Jenga is a complex game that requires precise eye-hand coordination and strategy. As humans, we seamlessly integrate our senses of sights and touch to master this game. Robots, on the other hand, do not yet possess this level of sophistication.
Most robotic learning systems use only visual data, without a sense of touch, which basically limits their ability to learn about the external world. Existing learning algorithms based on model-free reinforcement learning techniques have little to no ability to exploit knowledge about physical objects, contacts, or forces.
Recently, researchers at MIT’s MCube Lab developed an algorithm to replicate this ability using a robot. Unlike conventional machine-learning techniques that uses massive datasets to evaluate their next best move, this robot learns and exploits a hierarchical model that enables gentle and precise extraction of pieces.
The robot is equipped with an external RGB camera, soft-pronged gripper, and a force-sensing wrist cuff. All these components allow the robot to observe and feel the Jenga tower and its individual blocks.
The researchers customized an industrial ABB IRB 120 robotic arm and set up a Jenga tower within its reach. As the arm gently pushes against a block, a computer captures tactile and visual feedback from its cuff and camera, and compares these measurements with the robot’s previous moves.
This model enables the robot to accurately estimate the state of a piece, simulate next possible moves, and decide on a favorable one. In real-time, the machine learns whether to keep pushing the block or move to a new one, in order to keep the structure from collapsing.
This is more challenging than developing AI for chess or Go, as the game of Jenga requires basic physical skills such as pulling, pushing, placing and aligning individual blocks.
The robot developed in this work efficiently identifies when a block feels stuck or free and decides how to extract it using far less data. It is trained on nearly 300 attempts (instead of tens of thousands of attempts). Attempts of similar outcomes and measurements are grouped in clusters and each cluster represents specific block behaviors.
For every single data cluster, the machine developed a model to estimate the behavior of a block given its current tactile and visual measurements. This clustering strategy — inspired by the natural way humans learn — significantly increases the robot’s efficiency with which it can learn to play the game.
This method is a successful example of artificial intelligence moving into the physical world. As the robot interacts with its surrounding, it learns some of the basic skills that define human manipulation.

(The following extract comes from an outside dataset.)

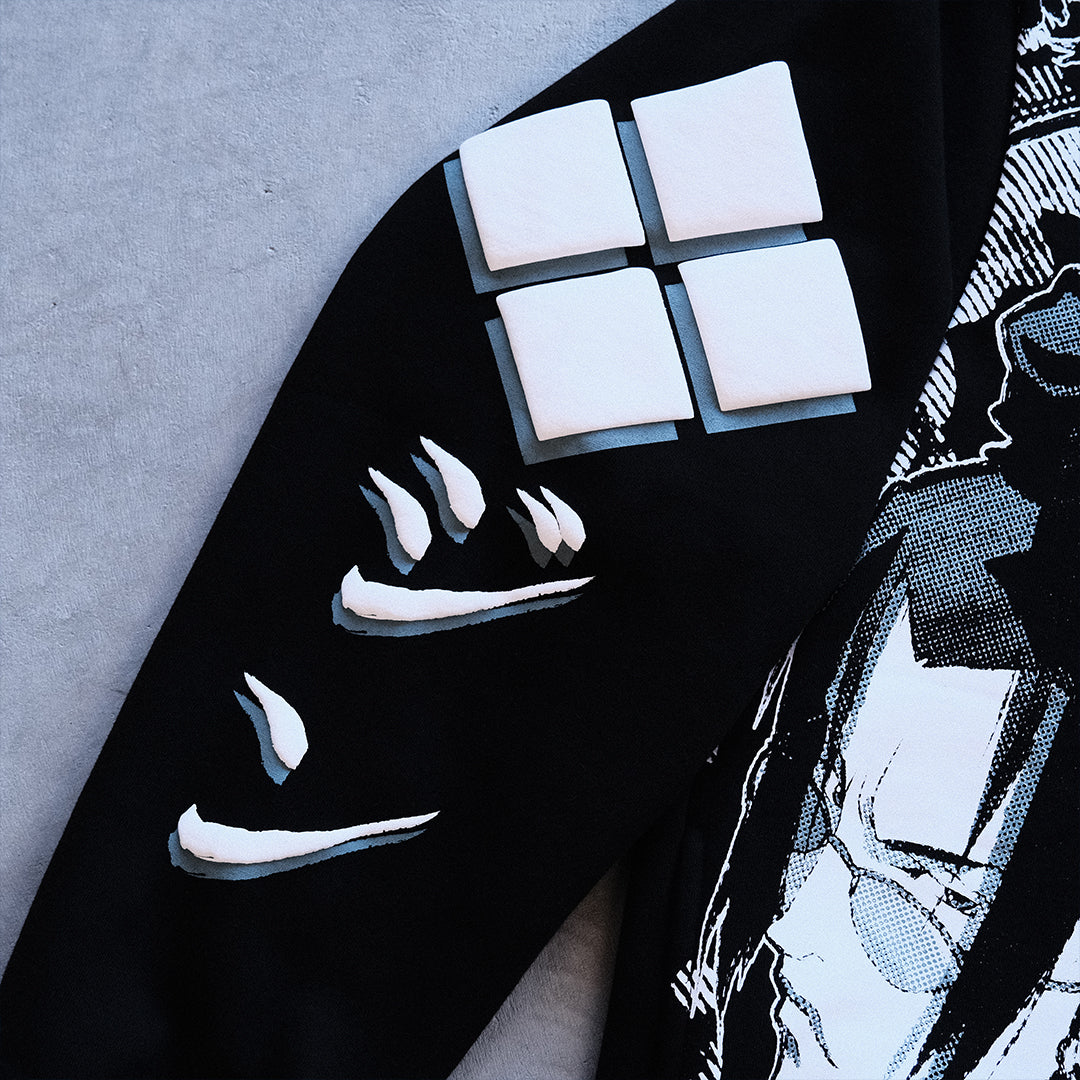 JIN SPLICED CREWNECK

This tactile learning system can be applied to tasks beyond the game of Jenga, especially those tasks that require careful physical interaction. For example, assembling consumer products and separating recyclable materials from landfill trash.
In a smartphone and laptop assembly line, for instance, most steps require touch and force actions rather than just vision, and this technology could drastically improve such assembly lines.